Molti morti quindi, la rappresentazione non priva di sarcasmo di uomini e donne che non conoscono la parola pietà, compreso quel Benna, fratello di Monza, la cui morte è stato il motivo principale della mattanza, ma che poi di pagina in pagina si scoprirà più perfido del previsto ed aver avuto ruoli sanguinosi in parte ignoti alla stessa sorella, accecata dall’affetto e da sentimenti incestuosi. Morti che vogliono dire anche frequenti descrizioni di combattimenti all’ultimo sangue o provocati dai fantasiosi avvelenamenti di Castor Morveer. Ma, mentre questa parte un po’splatter alla fin fine potrebbe pure risultare ripetitiva e convenzionale, il maggior pregio dell’opera di Abercrombie – aspetto forse sorprendente in un romanzo “di genere” – si conferma sempre lo scavo psicologico dei personaggi, dove il loro punto di vista, espresso con la terza persona, rappresenta l’autentico elemento noir del romanzo. In questo senso, anche se sempre col rischio di scadere nella caricatura, risulta paradigmatico il personaggio di Nicomo Cosca, il mercenario ubriacone sempre pronto a vendersi al miglior offerente; come del resto Caul il Brivido, giunto in Styria con le migliori intenzioni e poi nel corso del romanzo, a causa del suo contrastato rapporto con Monza e per le mutilazioni subite, convertito nuovamente alla violenza e all’omicidio seriale. Proprio le ultime pagine, sotto il titolo beffardo di “Lieto fine”, potranno evocare qualcosa di molto spiacevole e letale: “Tutto sommato e al di là di una certa sfortuna doveva dire che ne era uscito bene. Magari quaggiù in Styria aveva perso un occhio. Magari non la lasciava più ricco di quando aveva messo piede fuori dalla barca. Ma era un uomo migliore, su questo non aveva dubbi. Un uomo più saggio. Una volta era il peggior nemico di se stesso. Adesso lo era di chiunque altro”.

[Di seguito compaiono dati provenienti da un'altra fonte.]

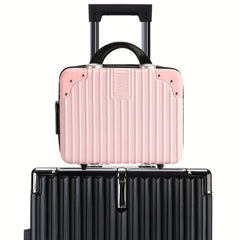 Portable Versatile Cosmetic Handbag Lightweight Travel Storage Box Pink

Edizione esaminata e brevi note
Joe Abercrombie, è nato a Lancaster nel 1974. È il 2002 quando, allora studente di Psicologia all’Università di Manchester, pensa di scrivere una trilogia fantasy e inizia la stesura del primo episodio. Trasferitosi a Londra, lavora come montatore freelance e produttore di format televisivi di vario tipo e termina di scrivere quello che diventerà The Blade Itself. Gollancz ha acquistato i diritti, vincolando Abercrombie a pubblicare l’intera serie. A The Blade Itself (2007) sono seguiti They Are Hanged e Last Argument of Kings (2008). La trilogia The First Law si è rivelata un grande successo tra i lettori anglosassoni.
Joe Abercrombie, “Il sapore della vendetta”, Gargoyle (collana Extra), Roma 2014, pag. 800. Traduzione di Edoardo Rialti.